In yesterdays lecture we discussed market scanning & one example given was Halfords ignoring the expertly researched (self flattery - no one else will do it!) report that was submitted to it in 2005 outlining the sensible expansion target countries. At the end of the lecture I was asked whether they had actually been successful in the Czech Republic - I didn't know the answer as while companies are required to publish the corporate results they will rarely break this down market by market. Little did I know that yesterday Halfords provided an update to the city announcing their withdrawal from their international operations in Central Europe (see story below). I am not quite arrogant enough to suggest that they would definitely have been successful if they had adopted the strategy that I proposed, but it is worth reflecting on the fact that in the face of a carefully researched plan developed by someone who had some knowledge of international retailing was rejected in favour of an internal and more anecdotal strategy. How many millions of pounds of have been wasted in setting up and developing a chain of stores over many years and then withdrawing. & the key role of the MD is?? To maximise shareholder value. Sometimes Egos get in the way!

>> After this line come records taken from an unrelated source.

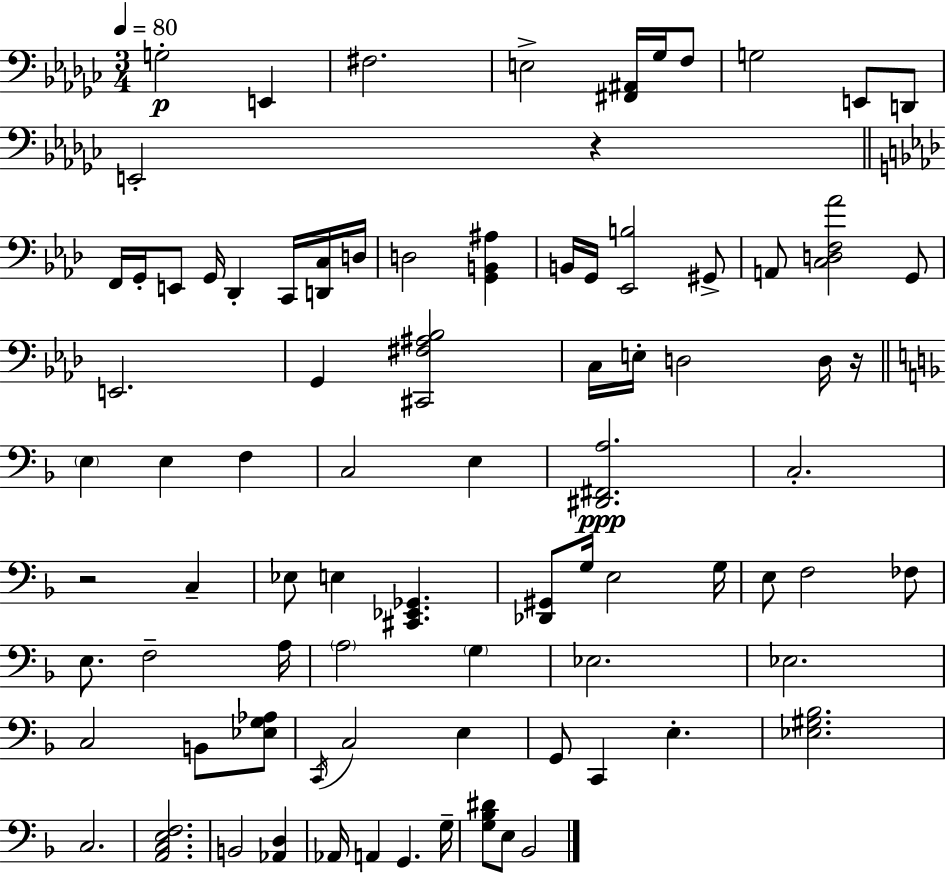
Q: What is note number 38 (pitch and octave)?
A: E3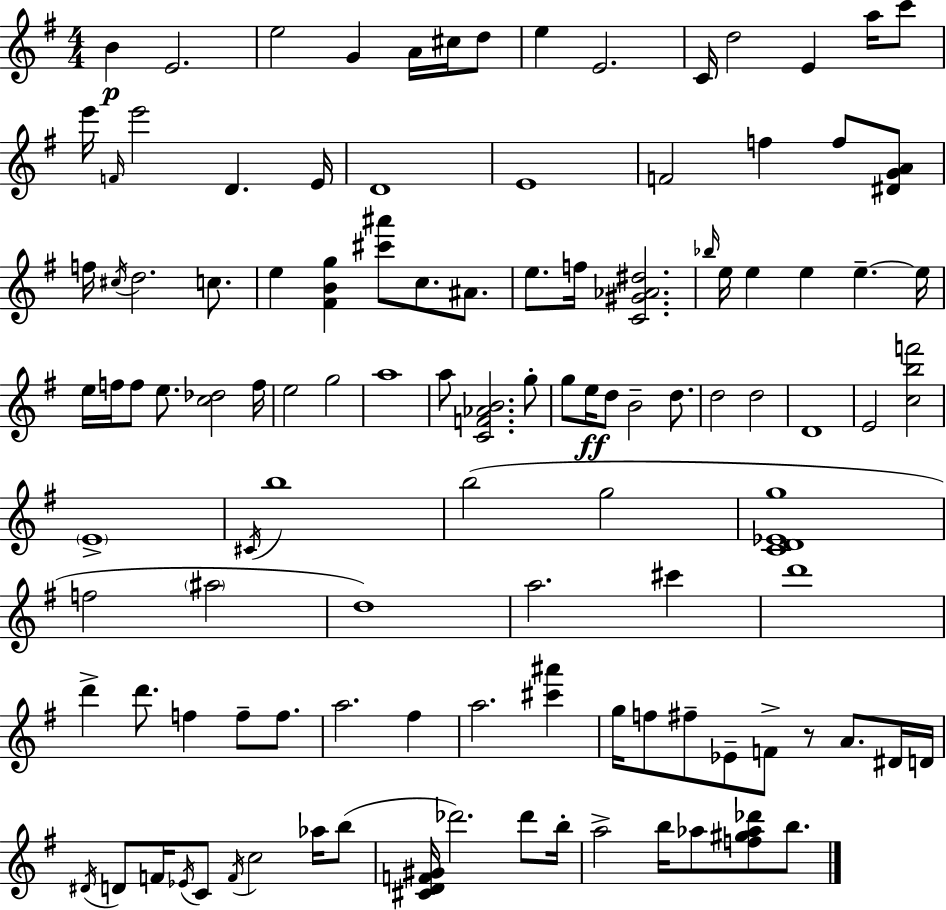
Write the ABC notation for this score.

X:1
T:Untitled
M:4/4
L:1/4
K:G
B E2 e2 G A/4 ^c/4 d/2 e E2 C/4 d2 E a/4 c'/2 e'/4 F/4 e'2 D E/4 D4 E4 F2 f f/2 [^DGA]/2 f/4 ^c/4 d2 c/2 e [^FBg] [^c'^a']/2 c/2 ^A/2 e/2 f/4 [C^G_A^d]2 _b/4 e/4 e e e e/4 e/4 f/4 f/2 e/2 [c_d]2 f/4 e2 g2 a4 a/2 [CF_AB]2 g/2 g/2 e/4 d/2 B2 d/2 d2 d2 D4 E2 [cbf']2 E4 ^C/4 b4 b2 g2 [CD_Eg]4 f2 ^a2 d4 a2 ^c' d'4 d' d'/2 f f/2 f/2 a2 ^f a2 [^c'^a'] g/4 f/2 ^f/2 _E/2 F/2 z/2 A/2 ^D/4 D/4 ^D/4 D/2 F/4 _E/4 C/2 F/4 c2 _a/4 b/2 [^CDF^G]/4 _d'2 _d'/2 b/4 a2 b/4 _a/2 [f^g_a_d']/2 b/2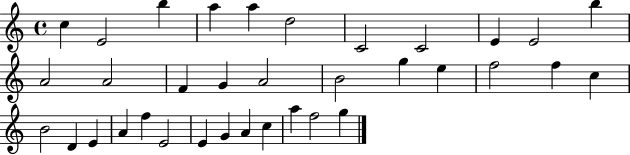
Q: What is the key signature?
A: C major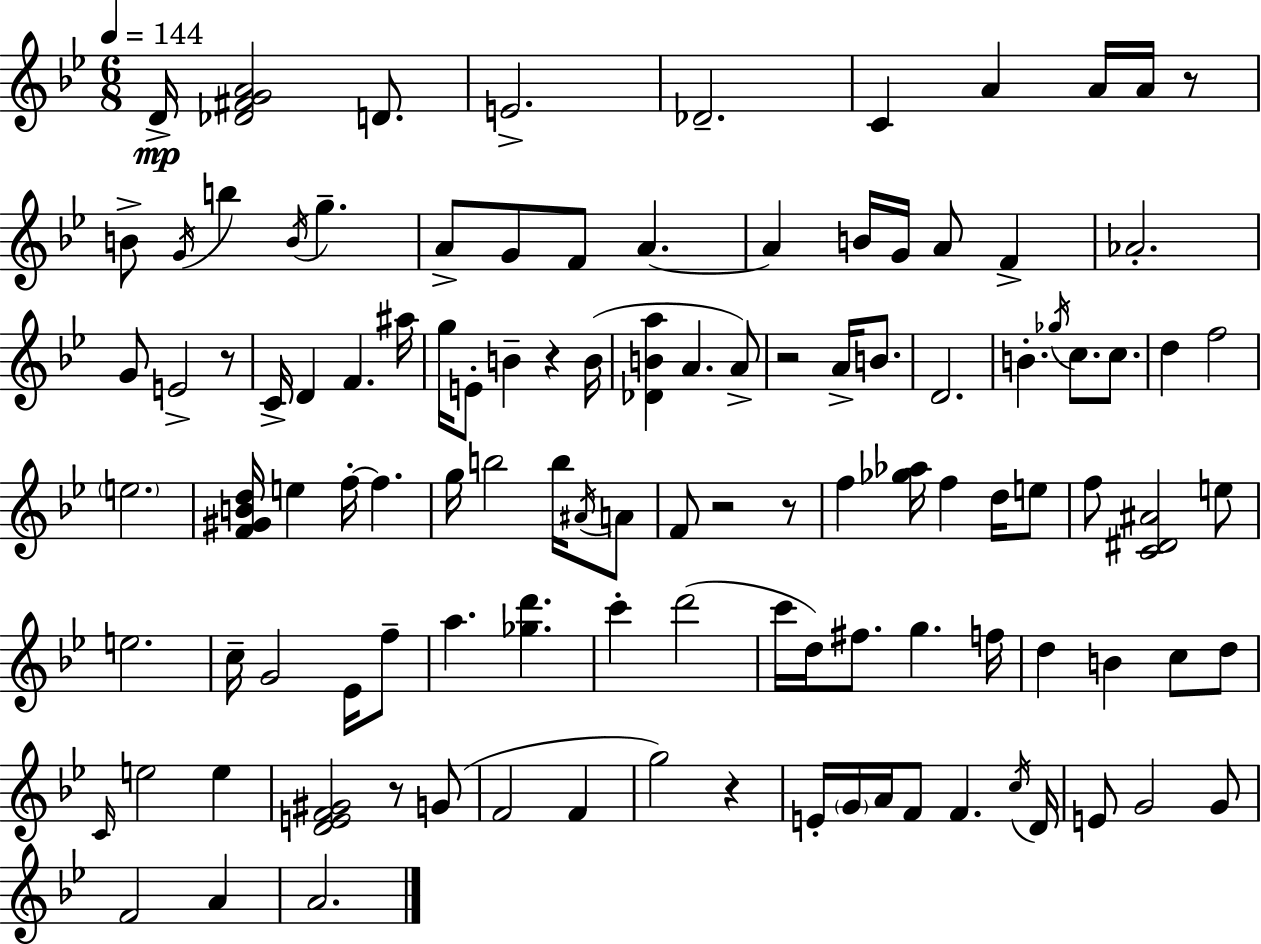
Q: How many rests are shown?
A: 8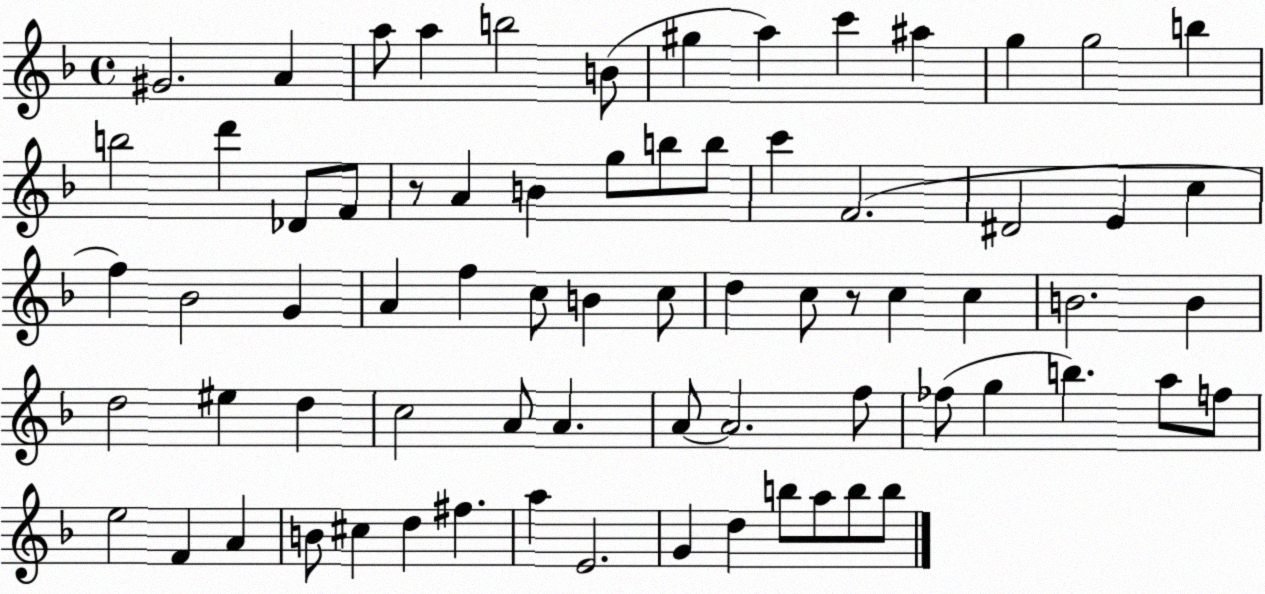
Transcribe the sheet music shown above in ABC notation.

X:1
T:Untitled
M:4/4
L:1/4
K:F
^G2 A a/2 a b2 B/2 ^g a c' ^a g g2 b b2 d' _D/2 F/2 z/2 A B g/2 b/2 b/2 c' F2 ^D2 E c f _B2 G A f c/2 B c/2 d c/2 z/2 c c B2 B d2 ^e d c2 A/2 A A/2 A2 f/2 _f/2 g b a/2 f/2 e2 F A B/2 ^c d ^f a E2 G d b/2 a/2 b/2 b/2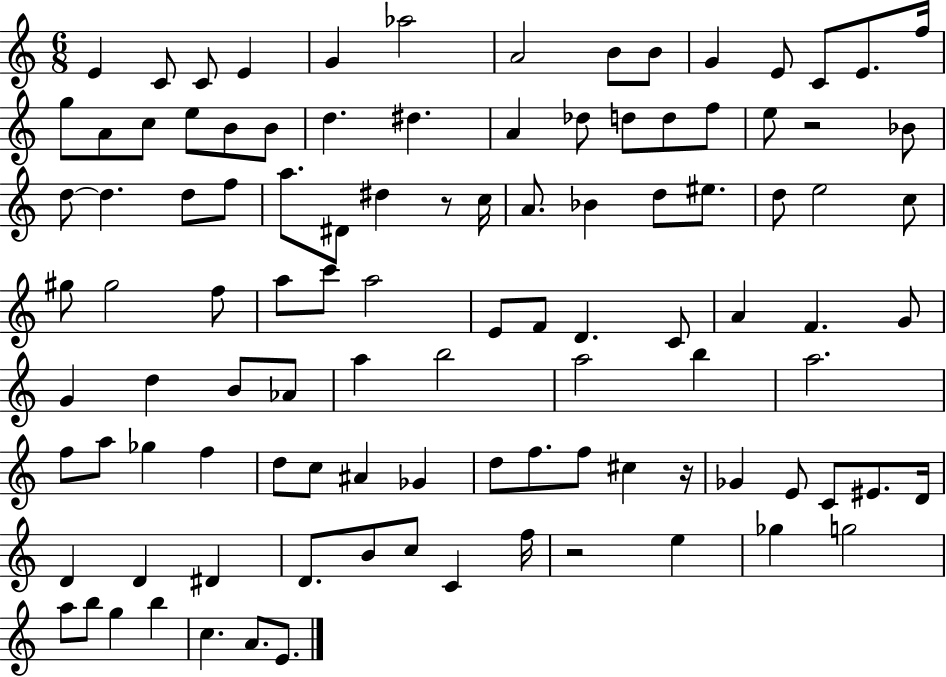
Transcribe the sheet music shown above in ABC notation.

X:1
T:Untitled
M:6/8
L:1/4
K:C
E C/2 C/2 E G _a2 A2 B/2 B/2 G E/2 C/2 E/2 f/4 g/2 A/2 c/2 e/2 B/2 B/2 d ^d A _d/2 d/2 d/2 f/2 e/2 z2 _B/2 d/2 d d/2 f/2 a/2 ^D/2 ^d z/2 c/4 A/2 _B d/2 ^e/2 d/2 e2 c/2 ^g/2 ^g2 f/2 a/2 c'/2 a2 E/2 F/2 D C/2 A F G/2 G d B/2 _A/2 a b2 a2 b a2 f/2 a/2 _g f d/2 c/2 ^A _G d/2 f/2 f/2 ^c z/4 _G E/2 C/2 ^E/2 D/4 D D ^D D/2 B/2 c/2 C f/4 z2 e _g g2 a/2 b/2 g b c A/2 E/2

Below extract from http://www.theretailbulletin.com/
Halfords group delivers 13% profit before tax growth
Thursday November 18th 2010
In its interim results for the 26 weeks to 1st October 2010. Halfords group reported revenue of £456.3m, up 7.3% with like-for-like sales decreasing by 4.9%.
Operating profit was up 11.5% to £69.1m representing 15.1% of sales (2009: 14.6%). Profit before tax was £68.7m, up 12.8%.
The Group has seen sales and market share growth in Car Maintenance, Premium Cycling and Outdoor Leisure.
Multi-channel accounts for c.9% of total revenue after further strong growth.
David Wild, Chief Executive, commented on the results,"This has been a period of considerable progress for the Group. In addition to increasing profits, we have successfully completed a number of significant change initiatives. These include the reconfiguration of the Group's warehouse and distribution network, the remodelling of staffing structures and the closure of our Central European operations. In total these reduce costs, enhance customer service and provide a strong platform for our next phase of growth that will be clearly focussed in the UK. We are also pleased to have concluded the refinancing of the Group's debt arrangements on favourable terms.
Our Autocentres business has made good progress, gaining market share. Our development plan is on track with 15 new centres to be opened and the entire network to be re-branded Halfords Autocentres by the end of the financial year. In Spring 2011 we will launch a national advertising campaign to drive sales and firmly position Halfords as the UK's leading independent operator in garage servicing and auto repair. We remain enthusiastic about our investment in this adjacent sector and the opportunity it provides for further profitable growth.
During this period we have demonstrated that Halfords is a resilient and cash generative business that can adapt to our customers' changing needs and deliver growth initiatives for the future. Consumer spending is clearly under pressure and we believe this environment will continue into 2011. We hold market-leading positions however and remain confident that our strategy will deliver long-term sustainable earnings growth.
In the six weeks since the end of the half-year, trading conditions for Retail have remained challenging with like-for-like sales at -5.0%. Autocentres' performance has been encouraging resulting in like-for-like sales growth of +1.2%. We would expect profits for the full financial year to be within the range of market expectations."